Mais comment un être qui agit, qui produit tous les changemens que subissent les êtres, peut-il être toujours le même ? Qu’entend-on par la vertu ou l’énergie de Dieu ? Ces mots vagues présentent-ils des idées nettes à notre esprit ? Qu’entend-on par la substance divine ? Si cette substance est spirituelle & privée d’étendue, comment peut-elle exister quelque part ? Comment peut-elle mettre la matière en action ? Comment peut-elle être conçue.

Cependant Newton nous dit que " toutes les choses sont contenues en lui & se meuvent en lui, mais sans action réciproque sed sine mutuâ passione, Dieu n’éprouve rien de la part des mouvemens des corps ; ceux-ci n’éprouvent aucune résistance de la part de sa présence par tout. "

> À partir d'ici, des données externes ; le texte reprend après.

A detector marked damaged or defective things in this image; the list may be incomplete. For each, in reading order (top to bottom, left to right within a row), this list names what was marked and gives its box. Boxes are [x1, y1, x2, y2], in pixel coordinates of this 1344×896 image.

Il paroît ici que Newton donne à la divinité des caractères qui ne conviennent qu’au vuide & au néant. Sans cela nous ne pouvons concevoir qu’il puisse n’y avoir point une action réciproque, ou des rapports entre des substances qui se pénètrent, qui s’environnent de toutes parts. Il paroît évident qu’ici l’auteur ne s’entend pas.

« C’est une vérité incontestable que Dieu existe nécessairement, et la même nécessité fajt qu’il existe toujours et partout : d’où il suit qu’il est en tout semblable à lui-même ; il est tout œil, tout oreille, tout cerveau, tout bras, tout sentiment, tout intelligence, tout action, mais d’une façon nullement humaine, nullement corporelle, et qui nous est totalement inconnue. De même qu’un aveugle n’a point idée des couleurs, c’est ainsi que nous n’avons point idée des façons dont Dieu sent et entend. »

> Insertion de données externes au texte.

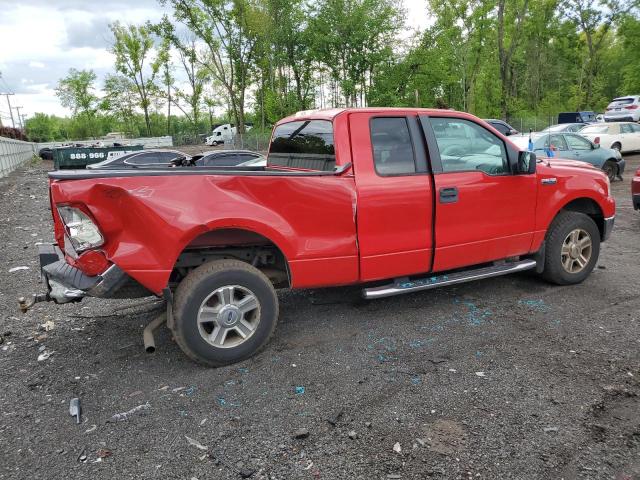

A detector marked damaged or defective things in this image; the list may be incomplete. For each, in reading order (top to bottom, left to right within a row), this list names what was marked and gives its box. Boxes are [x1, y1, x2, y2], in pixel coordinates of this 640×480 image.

damaged rear bumper [37, 244, 129, 304] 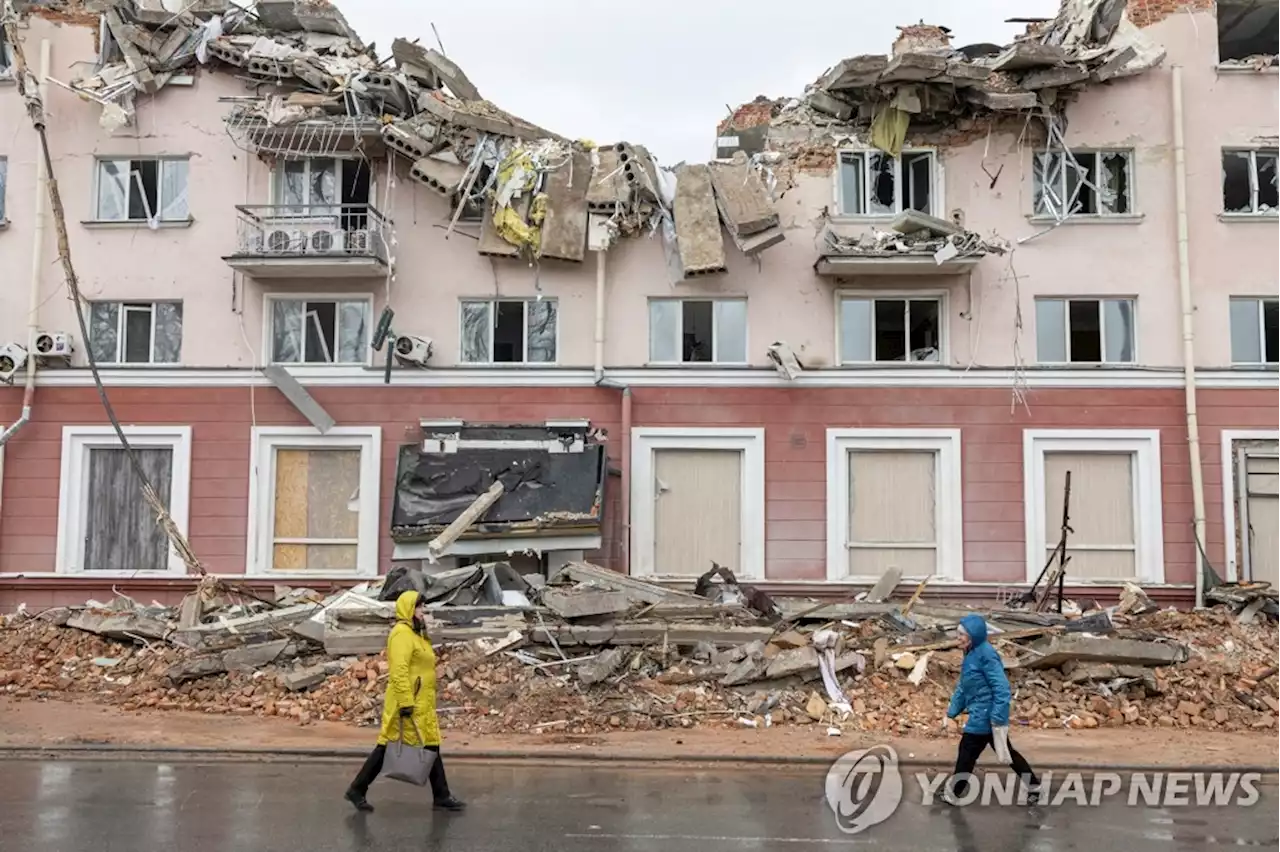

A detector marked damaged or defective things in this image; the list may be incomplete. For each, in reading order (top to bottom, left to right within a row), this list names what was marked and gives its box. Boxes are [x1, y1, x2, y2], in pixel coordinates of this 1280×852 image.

L’existence nécessaire de la divinité est précisément la chose en question ; c’est cette existence qu’il eût fallu constater par des preuves aussi claires & des démonstrations aussi fortes que la gravitation & l’attraction. Si la chose eût été possible, le génie de Newton en seroit (sans doute) venu à bout. Mais, ô homme ! Si grand & si fort quand vous êtes géomètre, si petit & si foible quand vous devenez théologien, c’est-à-dire quand vous raisonnez de ce qui ne peut être ni calculé ni soumis à l’expérience, comment consentez-vous à nous parler d’un être qui est, de votre aveu, pour vous ce qu’un tableau est pour un aveugle ? Pourquoi sortir de la nature pour chercher dans les espaces imaginaires des causes, des forces, une énergie que la nature vous eût montrées en elle-même, si vous eussiez voulu la consulter avec votre sagacité ordinaire ? Mais le grand Newton n’a plus de courage, on s’aveugle volontairement, dès qu’il s’agit d’un préjugé que l’habitude lui fait regarder comme sacré. Continuons pourtant encore d’examiner jusqu’où le génie de l’homme est capable de s’égarer, quand il abandonne une fois l’expérience & la raison pour se laisser entraîner par son imagination.

" Dieu, continue le père de la physique moderne, est totalement destitué de corps & de figure corporelle ; voilà pourquoi il ne peut être ni vu, ni touché, ni entendu & ne doit être adoré sous aucune forme corporelle. " mais quelles idées se former d’un être qui n’est rien de ce que nous connoissons ? Quels sont les rapports que l’on peut supposer entre nous & lui ? à quoi bon l’adorer ? En effet, si vous l’adorez, vous serez malgré vous obligé d’en faire un être semblable à l’homme, sensible comme lui à des hommages, à des présens, à des flatteries, en un mot vous en ferez un roi, qui comme ceux de la terre, exige les respects de ceux qui leur sont soumis. En effet il ajoute.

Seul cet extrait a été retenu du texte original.